Here are three statements that I would say are true:
1. Most of what is written is not read
2. Most of what is read is quickly forgotten
3. Most of what is read and is not forgotten remains if at all in the notes of a few individuals, the writer of course and his or her few readers.
At the present time most of which is written will show up on the internet. And of the internet one might speak of it as a field of ideas where the vast majority of the thousands of them that bloom online are destined to wither, die, and fall to the ground, so to speak, unrecognized let alone picked up and gathered by an even more numerous army of readers. (Most of what is written is not read.)
And for myself I know that most of the internet ideas will pass right by me. There are too many of them (172,800 blogs are added to the internet every day).** There is no way I will even see them, let alone read them. Furthermore, those few that I do happen to stumble upon and read I will most likely forget. (Most of what is read is quickly forgotten)
Yet the ideas that I encounter while reading internet articles and blogs are what a good part of my life is all about. My mornings are often made up of those few ideas that I find so well said, so interesting, and stimulating that I “pick up and gather” them and put them into my own journal notes (of which there are now tens of thousands of entries) with the intention of eventually getting back to them and making them a part of my own thinking while turning them into a post on my own blog.
As I’m doing right now. (Most of what is read and not forgotten remains if at all in the notes of a few individuals, the writer of course and the few readers.)
Right now I’m looking at my journal entry for October 1 of 2008. In particular at an article by Arnold Kling and Nick Schulz of the American Enterprise Institute. (I’m right with Kling in most of what he says, although he, of course, is usually ahead of me behind.)
Anyway looking over a section of my notes I read this from Inequality and the Sergey Brin Effect :
The widening gap between the incomes for college graduates and those for workers who never attend college raises a question. Why doesn’t the supply of college graduates increase? Indeed, despite the benefits that come with higher education, the rate of high school graduation is actually falling, according to the American Bar Foundation’s Paul A. LaFontaine and Nobel laureate James Heckman of the University of Chicago.
It might seem natural to pin the blame for the disappointing rate of high school graduation and college training on America’s education system.

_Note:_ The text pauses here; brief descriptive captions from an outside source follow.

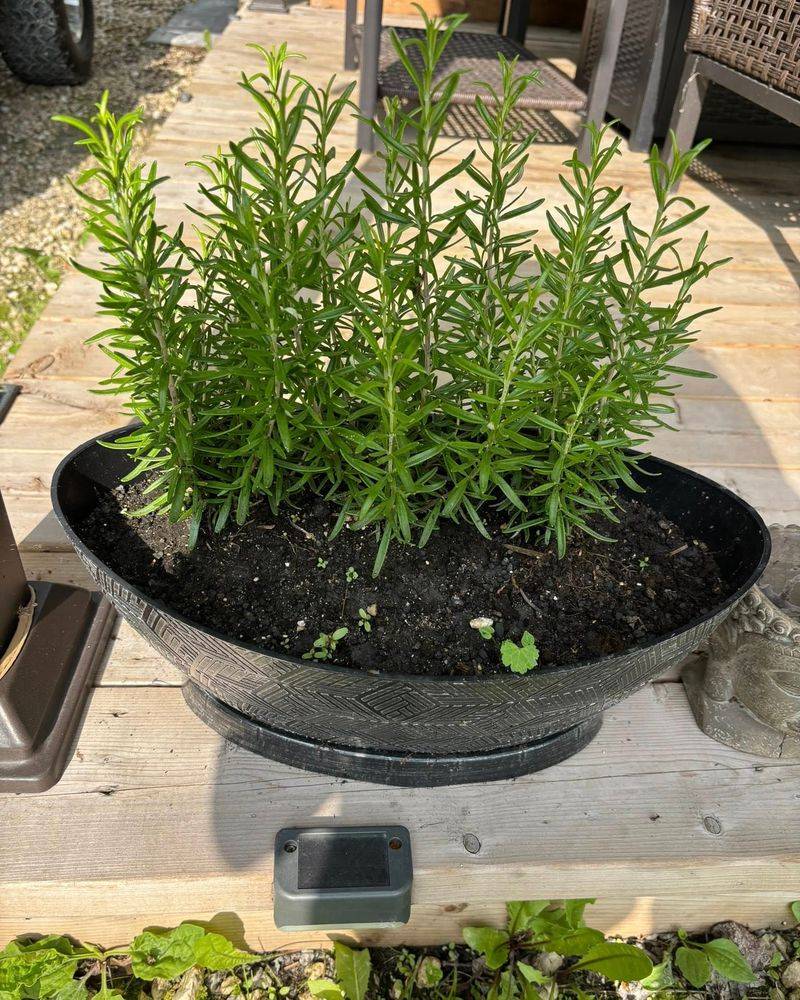 Evergreen Foliage That Keeps Giving Year-Round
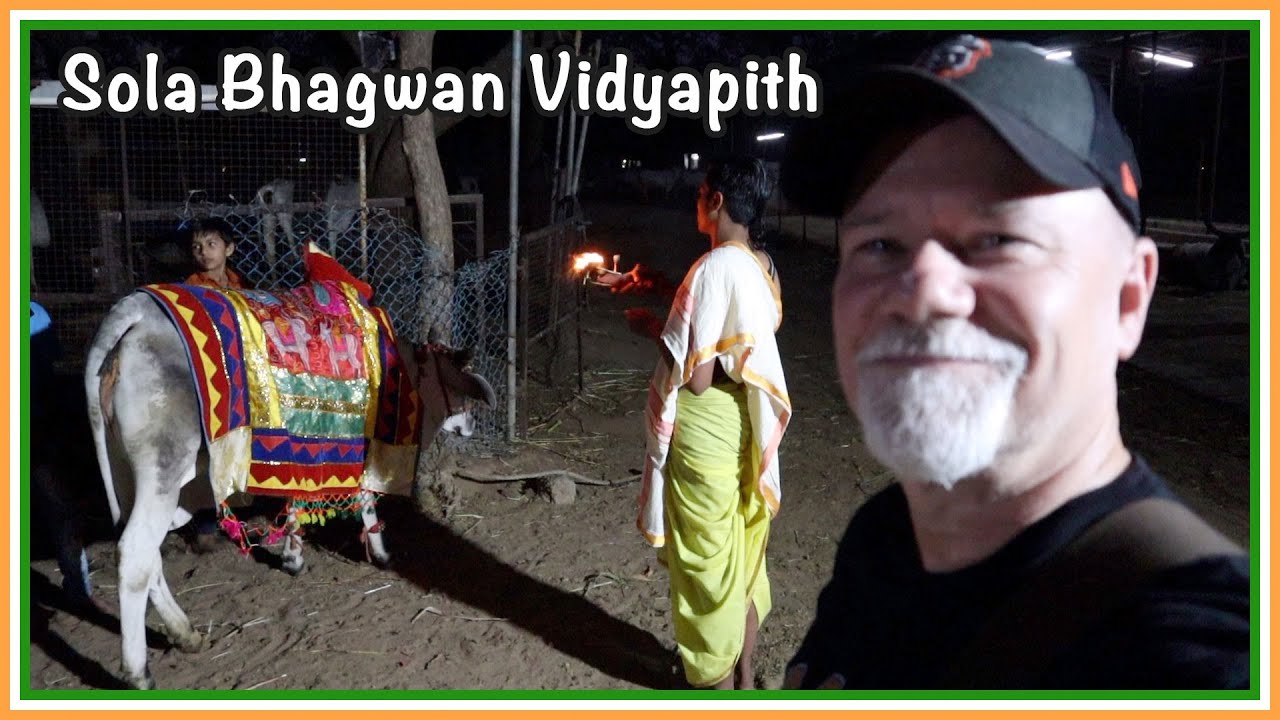 Holy Cow Blessing Ceremony At Sola Bhagwat Vidyapith Temple In Ahmedabad Gujarat 🛕 Authentic India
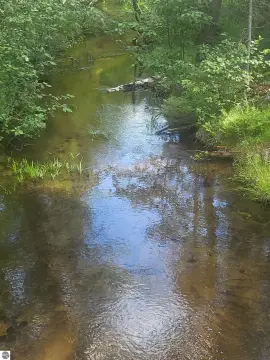 40 Acres of Michigan Wilderness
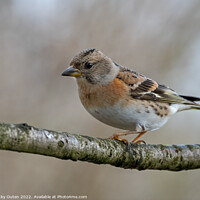 Buy canvas prints of A female brambling perched on a tree branch by Vicky Outen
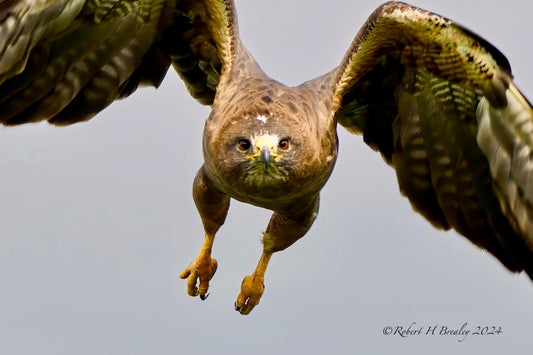 Incoming Swainson's hawk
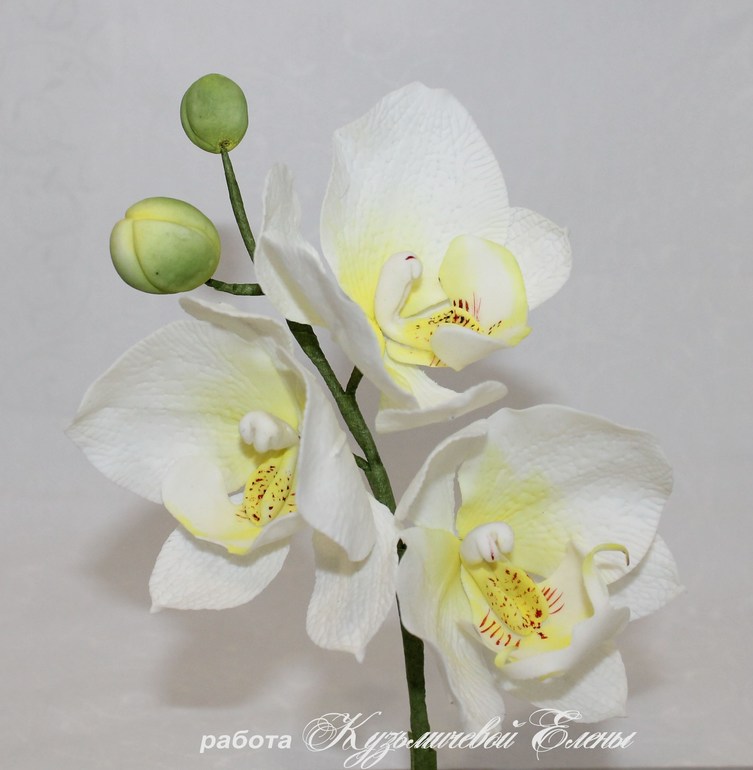 Первый самостоятельный цветок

However, Heckman and others find little evidence that education can reduce differences in cognitive skills that arise from genetic endowments and early childhood experience.
Here’s the gem of the idea that struck me, —there is little evidence that education can reduce differences in cognitive skills, in particular those skills that arise from genetic endowments and early childhood experiences.
Of course the progressive educational Establishment, probably also the Republican Right and the Liberal and Democratic Left will reject that idea. Nearly everyone will, because it does smack of a kind of determinism, —a child will be what his genes and early family environment have determined he will be. Schooling (or anything else we might do) will not change that.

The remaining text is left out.